_Work order_. Each entry is to be given again exactly; drop the images.

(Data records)
- - -

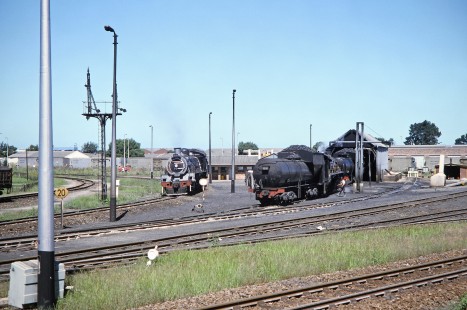 South African Railway steam locomotives at the yard in George, Western Cape, South Africa, on March 21, 1995. Photograph by Fred M. Springer, © 2014, Center for Railroad Photography and Art. Springer-So.Africa(1)-13-02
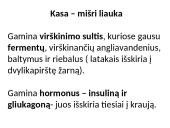 Kasa – mišri liauka 2 puslapis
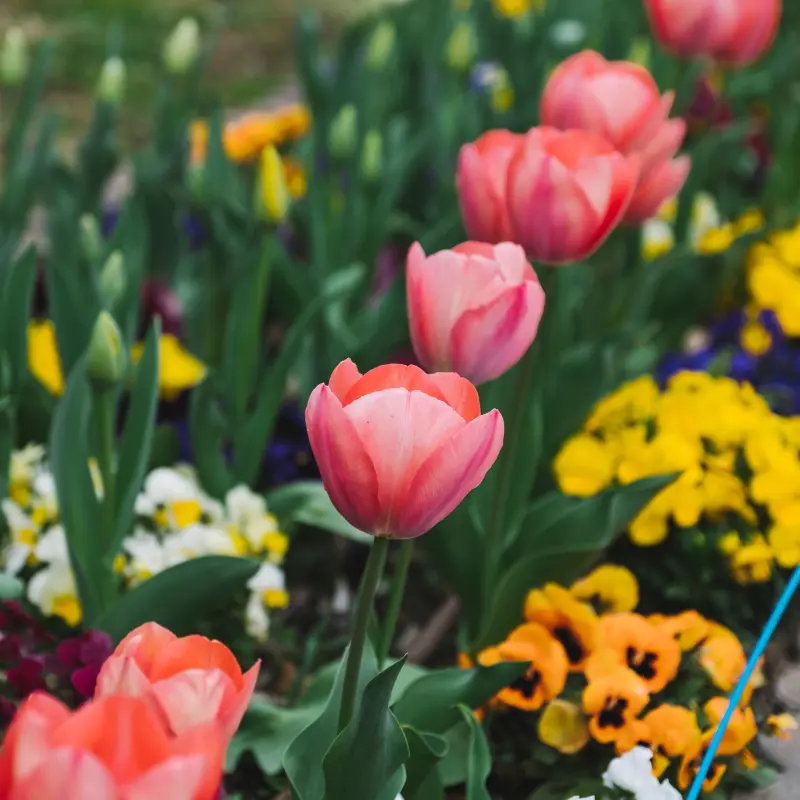 tulipanes
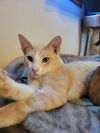 adoptable Cat in Cedar Rapids, IA named Whiskey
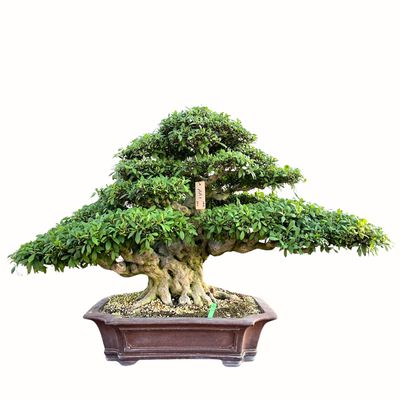 Satsuki Azalija - Kozan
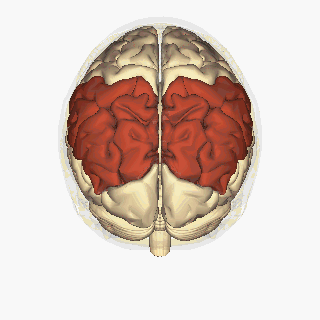 delving into the brain visual by daniel holten on prezi medium
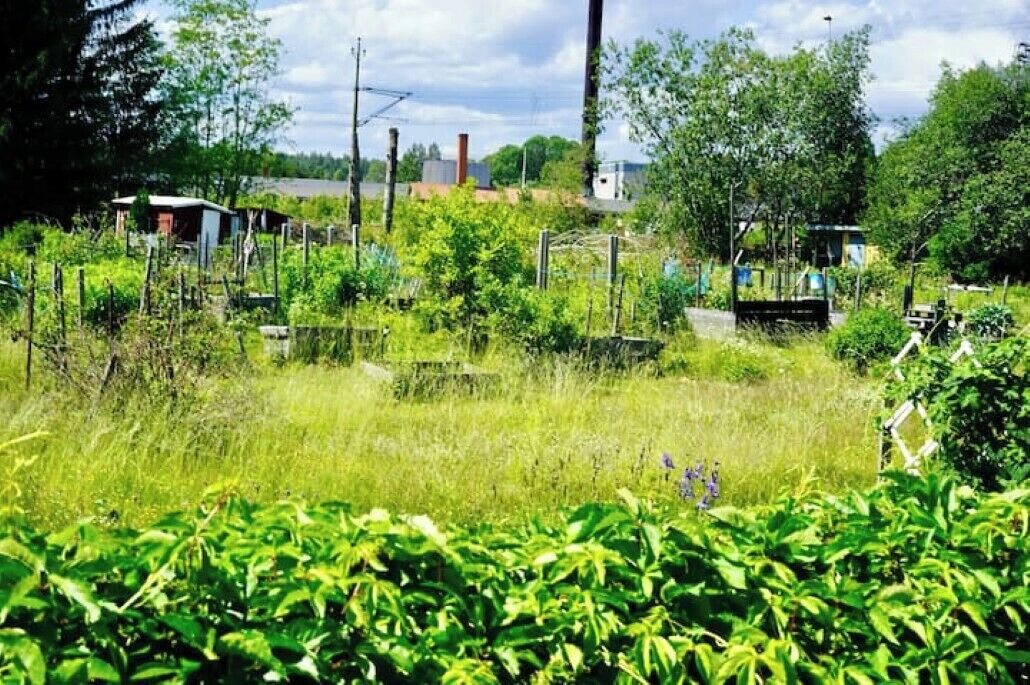 Photo of Outdoor in Krylbo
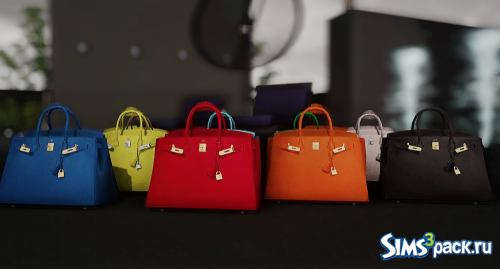 Сумка Hermes Birkin от Applekissims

- - -

_Reply_.
 South African Railway steam locomotives at the yard in George, Western Cape, South Africa, on March 21, 1995. Photograph by Fred M. Springer, © 2014, Center for Railroad Photography and Art. Springer-So.Africa(1)-13-02
 Kasa – mišri liauka 2 puslapis
 tulipanes
 adoptable Cat in Cedar Rapids, IA named Whiskey
 Satsuki Azalija - Kozan
 delving into the brain visual by daniel holten on prezi medium
 Photo of Outdoor in Krylbo
 Сумка Hermes Birkin от Applekissims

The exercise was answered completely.